According to the in-depth research by fka, the automotive technology research institute of RWTH Aachen University, and DJI Automotive's own practices in the past two years, aerial survey data acquisition by drones has obvious advantages. Drones can collect richer and more complete scenario data, and can directly collect aerial objective shots of all vehicles in blind spots of the target vehicle without obstruction, reflecting more realistic and interference-free human driving behaviors, and more efficiently collecting data in specific road sections and special driving scenarios, for example, on/off-ramps and frequent cut-ins.
Why does the implementation of vision-only autonomous driving suddenly accelerate?
Why has the pace of implementing vision-only technology solutions suddenly quicken since 2024? The answer is foundation models. The research shows that a truly autonomous driving system needs at least about 17 billion kilometers of road verification before being production-ready. The reason is that even if the existing technology can handle more than 95% of common driving scenarios, problems may still occur in the remaining 5% corner cases.
Generally, learning a new corner case requires collecting more than 10,000 samples, and the entire cycle is more than 2 weeks. Even if a team has 100 autonomous vehicles conducting road tests 24 hours a day, the time required to accumulate data is measured in "hundred years" - which is obviously unrealistic.

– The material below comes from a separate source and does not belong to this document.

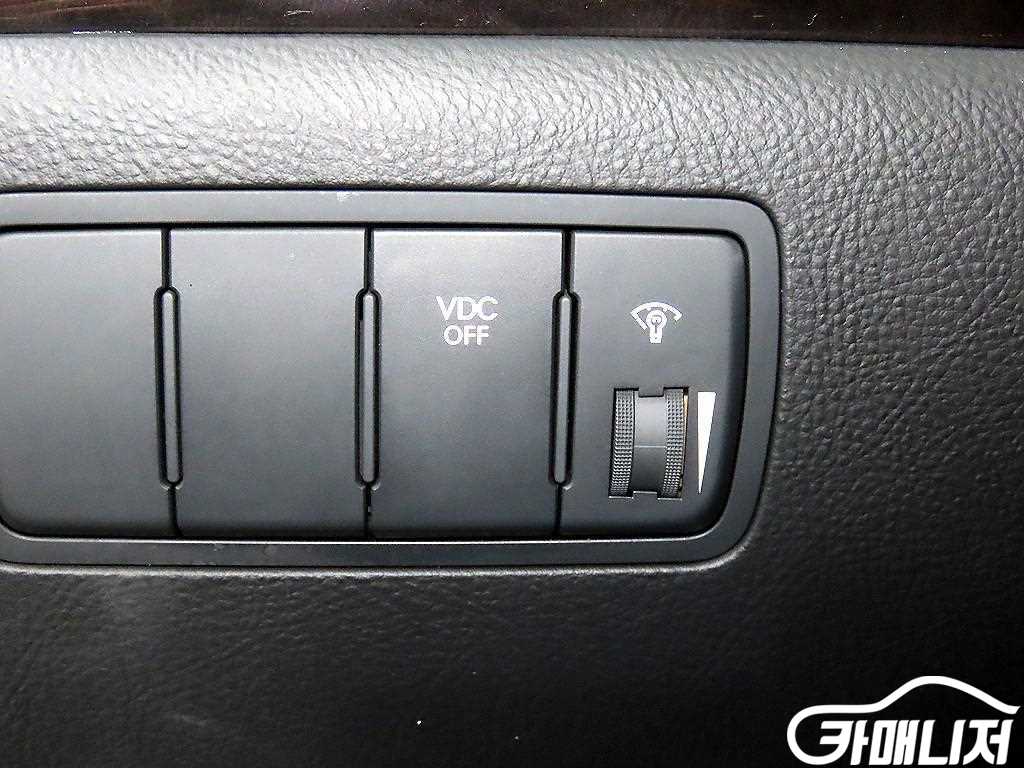 Hyundai Genesis BH330 MODERN thumbnail 14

Foundation models are used to quickly restore real scenarios and generate corner cases in various complex scenarios for model training. Foundation models (such as Pangu model) can shorten the closed-loop cycle of autonomous driving corner cases from more than two weeks to two days.
Currently, DJI Automotive, Baidu, PhiGent Robotics, GAC, Tesla and Megvii among others have launched their vision-only autonomous driving solutions. This weekly report summarizes and analyzes vision-only autonomous driving routes.